_EXERCISE GOAL_. Look through the entries below and copy exactly the part that begins with the line containing "Silver Herringbone Bangle" and ends with the line containing "Concept art of". Do not copy the pictures.

_SOURCE RECORDS_.
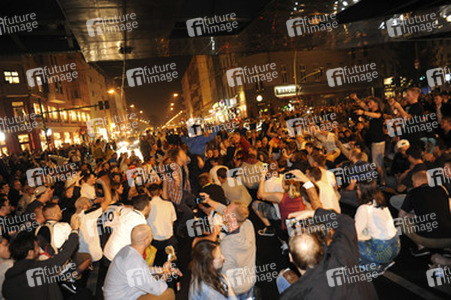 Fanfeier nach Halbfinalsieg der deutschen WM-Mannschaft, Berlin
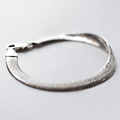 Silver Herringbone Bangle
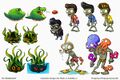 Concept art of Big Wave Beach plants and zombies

* * *

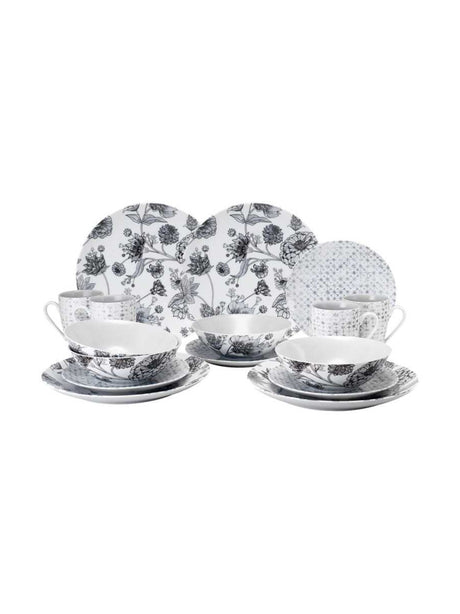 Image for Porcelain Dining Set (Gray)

_THE ANSWER_.
 Silver Herringbone Bangle
 Concept art of Big Wave Beach plants and zombies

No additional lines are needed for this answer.